▶ _Problem statement_: Below are entries with pictures in them. Output exactly the lines starting at the line with "Reunión de cuates" and ending at the line with "Community Dynamics and", both included, but not the pictures.

▶ _Information given_:
+-------+
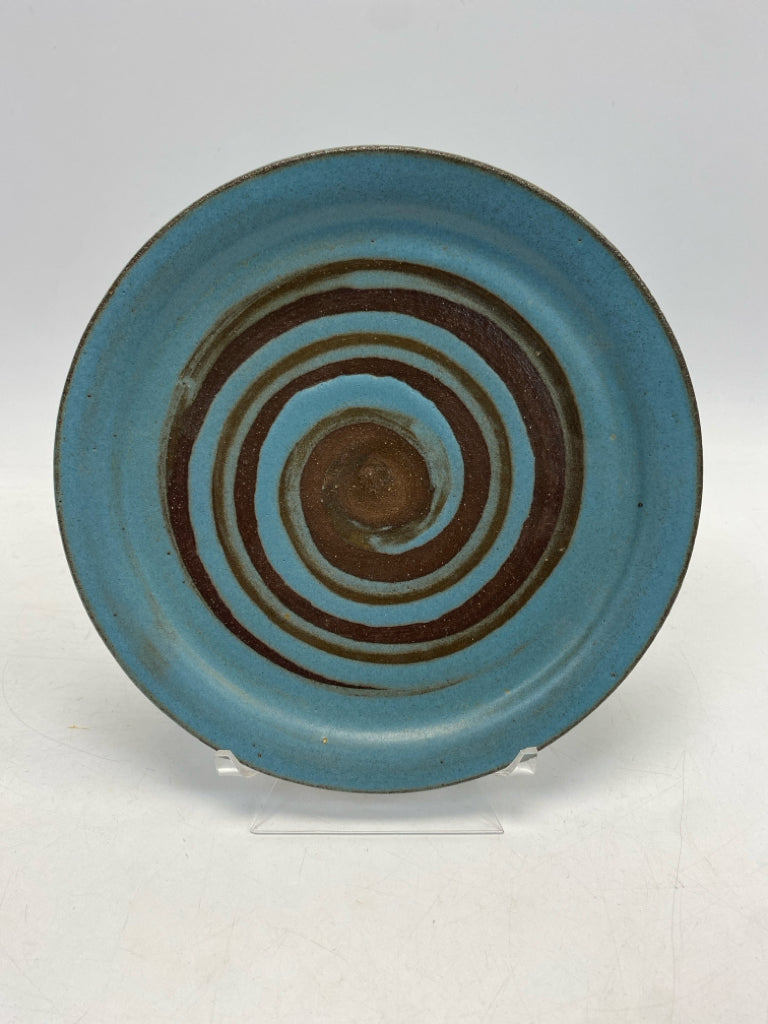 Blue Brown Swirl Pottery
+-------+
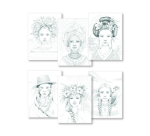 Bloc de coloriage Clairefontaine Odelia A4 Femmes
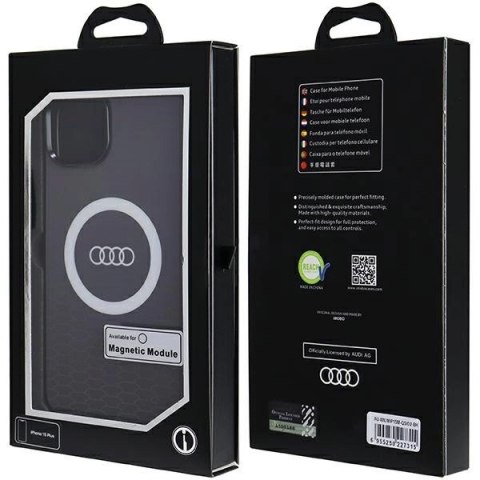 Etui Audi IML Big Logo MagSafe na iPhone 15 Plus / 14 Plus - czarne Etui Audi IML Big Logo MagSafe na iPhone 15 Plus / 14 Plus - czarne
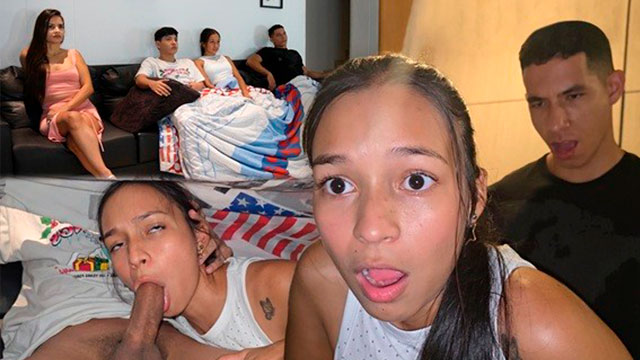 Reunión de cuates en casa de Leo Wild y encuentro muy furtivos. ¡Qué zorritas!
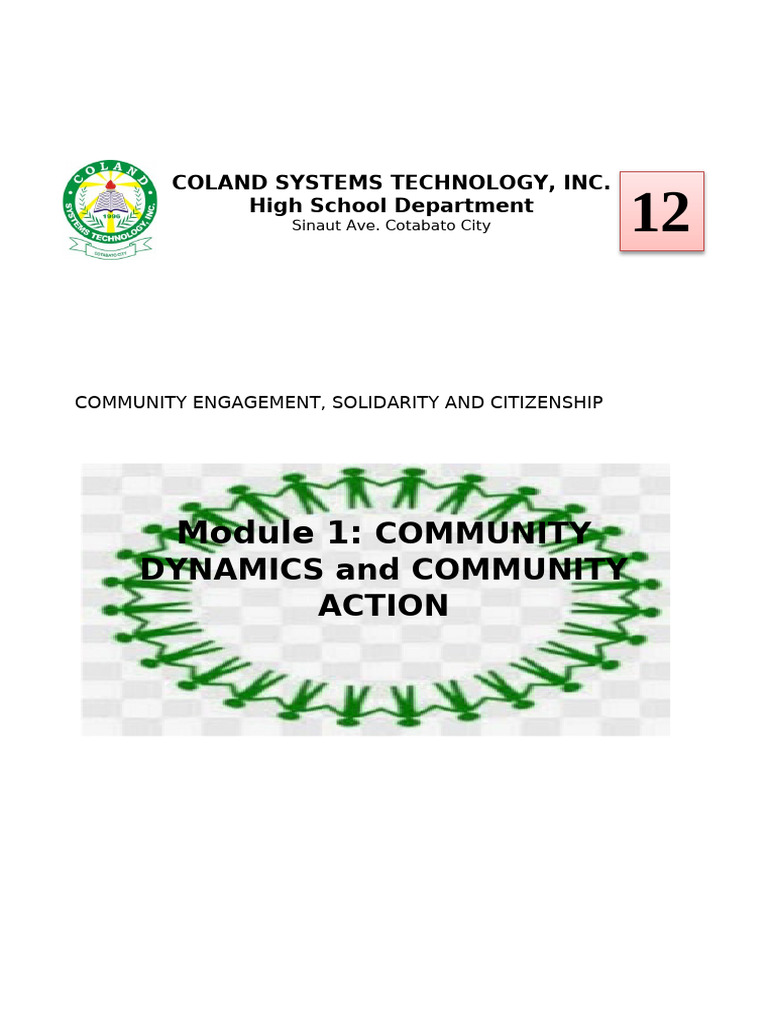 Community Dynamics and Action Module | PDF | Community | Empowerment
+-------+
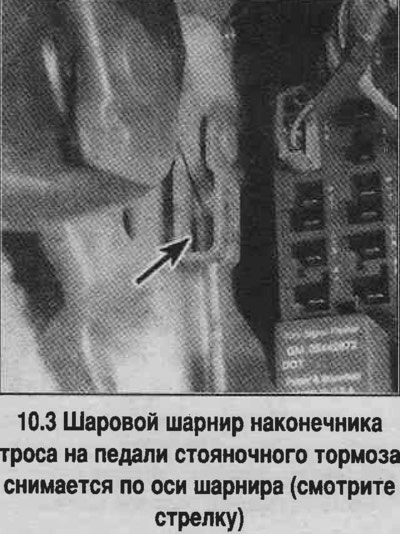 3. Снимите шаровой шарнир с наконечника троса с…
+-------+
▶ _Result_:
 Reunión de cuates en casa de Leo Wild y encuentro muy furtivos. ¡Qué zorritas!
 Community Dynamics and Action Module | PDF | Community | Empowerment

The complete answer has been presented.